Сознание не так то легко определить, не говоря уже о том, чтобы воспроизвести его в машине. Психолог Уильям Джеймс описал его кратко, как внимание плюс кратковременная память. Это то, чем вы обладаете сейчас, когда читаете эту статью, и то, чего вам не хватает, когда вы спите, а также между снами, или под наркозом.

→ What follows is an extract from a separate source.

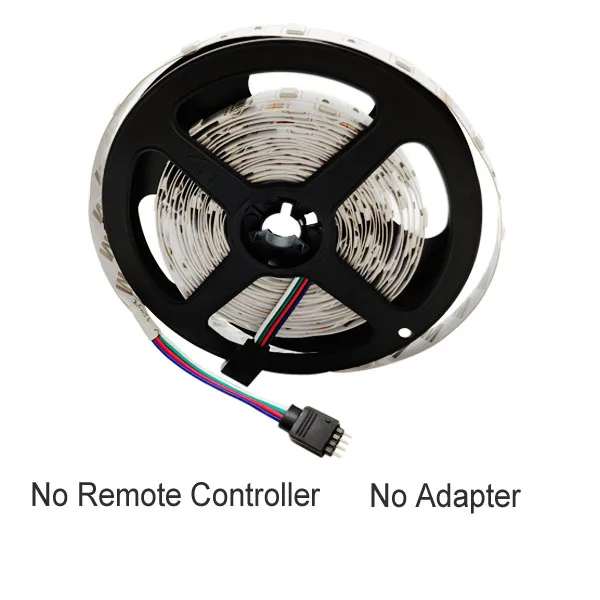 Only RGB Strip 5 м 10 м 15 м СВЕТОДИОДНАЯ лента SMD RGB 5050 Светодиодная лента светильник RGB Fita гибкая светодиодная лента 12 В постоянного тока e с пультом дистанционного управления и адаптером - Испускаемый цвет: Only RGB Strip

In 1990, the late Nobel laureate Francis Crick and his colleague Christof Koch proposed that the 40-hertz synchronized oscillations found a year earlier by Singer and his collaborator were one of the neuronal signatures of consciousness. But Singer says the brain probably employs many different codes in addition to oscillations. He also emphasizes that researchers are ”only at the beginning of understanding” how neural processes ”bring forth higher cognitive and executive functions.” And bear in mind that it's still a very long way from grasping those functions to understanding how they give rise to consciousness. And yet without that understanding, it's hard to imagine how anyone could build an artificial brain sophisticated enough to sustain and nurture an individual human consciousness indefinitely.

В 1990 году покойный лауреат Нобелевской премии Фрэнсис Крик и его коллега Кристоф Кох предположили, что 40-герцовые синхронизированные колебания, обнаруженные годом ранее Сингером и его коллегой, представляют собой одну из нейронных сигнатур (т.е. отличительных признаков) сознания. Но Сингер говорит, что мозг, вероятно, использует многие различные коды в дополнение к колебаниям. Он также подчеркивает, что исследователи "только в начале понимания" как нейронные процессы "приводят к высшим когнитивным и исполнительным функциям." И имейте в виду, что остается все еще очень долгий путь от понимания этих функций до понимания того, как они приводят к сознанию. И все же без этого понимания, трудно себе представить, как можно построить достаточно сложный искусственный мозг, который бы мог неопределенный срок поддерживать и развивать индивидуальное человеческое сознание.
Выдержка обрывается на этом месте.